James North
Mondoweiss / August 14, 2023
The proposed U.S.-Saudi Arabia-Israel deal will almost certainly fail. Then, the U.S. mainstream media will blame the Palestinians.
The U.S. mainstream media coverage of a proposed U.S./Israel/Saudi Arabia deal is bizarre and hard to understand. In the end, though, an ominous pattern is emerging: treat the agreement as more likely than it is, so you can then blame Palestinian stubbornness if — more likely when — it collapses.
Here’s a brief outline of the proposed agreement: The Saudis would get a strong security alliance with the United States, more sophisticated American weapons, and a U.S.-monitored civilian nuclear program.
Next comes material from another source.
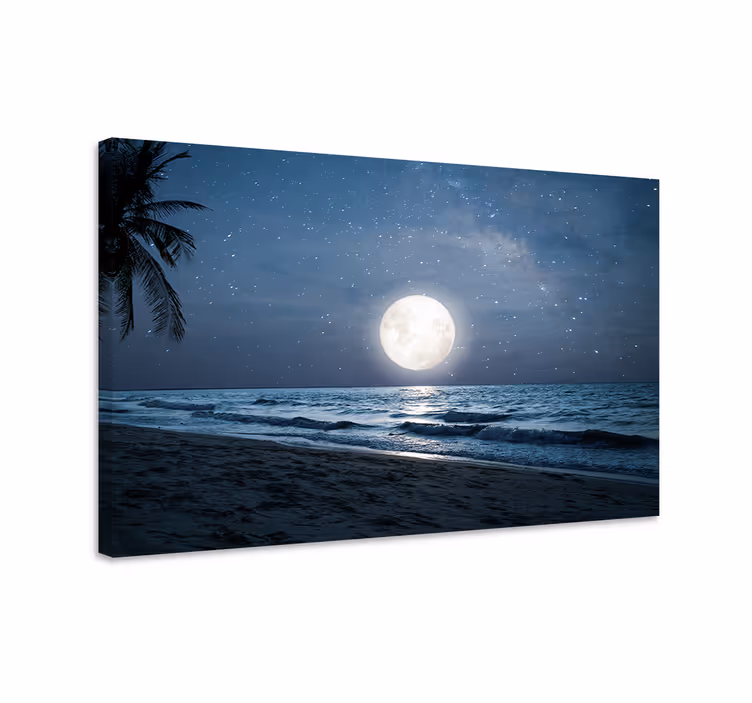 Modra slika čudovita luna nad oceanom - TenStickers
Left unsaid in nearly all accounts is that the whitewashing of Saudi Arabia’s de facto ruler, Crown Prince Mohammed bin Salman, would continue, even though U.S. intelligence says he personally ordered the murder of dissident journalist Jamal Khashoggi in 2018. Israel would get mutual diplomatic recognition with Saudi Arabia, and — also left unsaid — Benjamin Netanyahu could dramatically divert attention from his usurpation of Israeli (semi) democracy. And all Israel would have to do in return is make vague promises to stop additional “settlements” in the occupied West Bank and end its threats to annex the territory. (This site’s Mitchell Plitnick has a longer dissection of the proposal.)
On July 27, The New York Times started the cheerleading with a two-pronged push: an enthusiastic Thomas Friedman column and then a news analysis that downplayed skepticism. At first, the rest of the mainstream sensibly reported nothing. Then, a full 11 days later, the Wall Street Journal followed with its own breathless scoop, which said U.S. officials hope for an agreement “within nine-to-12 months.” Right away, Haaretz, the Israeli daily, sent its skeptical Washington, D.C. correspondent, Ben Samuels, to follow up; he reported that the White House “threw cold water” on the Journal’s report.
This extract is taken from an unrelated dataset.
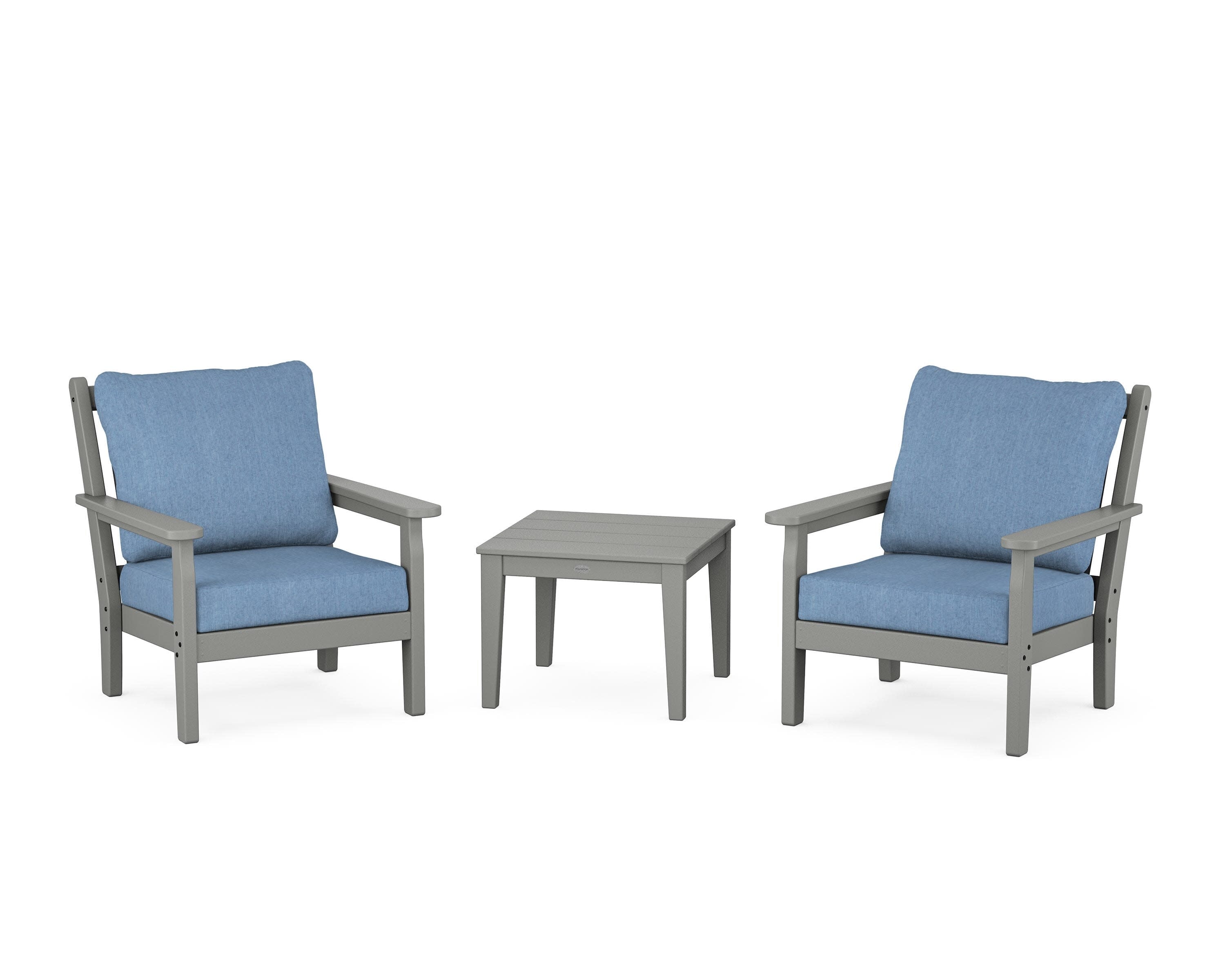Chippendale 3-Piece Deep Seating Set in Slate Grey / Sky Blue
Another four days passed before National Public Radio piped up. Daniel Estrin didn’t bring up the Palestinians until toward the end of his 11-minute report, when Bader al-Saif, a Kuwaiti who teaches at Kuwait University, did warn that any agreement would “only be significant if Palestine is front and center.” (Estrin’s report prompted the obvious question: why, given that he’s stationed in Palestine, couldn’t he find an actual Palestinian to interview?)
The Washington Post finally did its own report, which was the least unbalanced of the bunch. The Post noted that “major hurdles remain” ahead for the deal, and it did quote an Israeli official who threatened that “Israel was not prepared to make meaningful concessions on the issue of Palestinian statehood.”
You can turn to Haaretz to see what the U.S. mainstream left out or downplayed. Muhammad Shehada’s headline didn’t mince words:
For the Palestinians, Israeli-Saudi Normalization Would Be Disastrous
Shehada explained that “an Israeli-Saudi deal would destroy the Arab world’s last significant leverage for Palestinian statehood.”
Haaretz reporters also seemed more willing to approach U.S. senators for comment than their American counterparts were, recognizing that any deal would have to be approved by two-thirds of that legislative body. It turns out that “Democratic Senators Chris Van Hollen and Tim Kaine both say the Palestinians must feature prominently in any potential Biden-brokered deal between Israel and Saudi Arabia.”
And another Haaretz commentator pointed out why Benjamin Netanyahu will also hope for a deal:
An agreement of one sort or another with Saudi Arabia … would deal a death blow to the Israeli protest movement and the opposition… An agreement with Saudi Arabia is the only thing that can save Netanyahu from the catastrophe currently shaking Israel.
No language of this kind is appearing anywhere in the U.S. mainstream reporting.
The mystery here is why the Biden administration (or at least some of its members) is floating this Mideast deal. Is it actually an elaborate charade meant to at least show they tried? Can they really believe that even if this unlikely (and unfair) agreement comes into being that it would convince swing voters? In rust belt Pennsylvania? Suburban Georgia?
No matter. What stands out so far is how misleading the U.S. reporting is — and how Palestinians can once again expect to be wrongly blamed for their intransigence.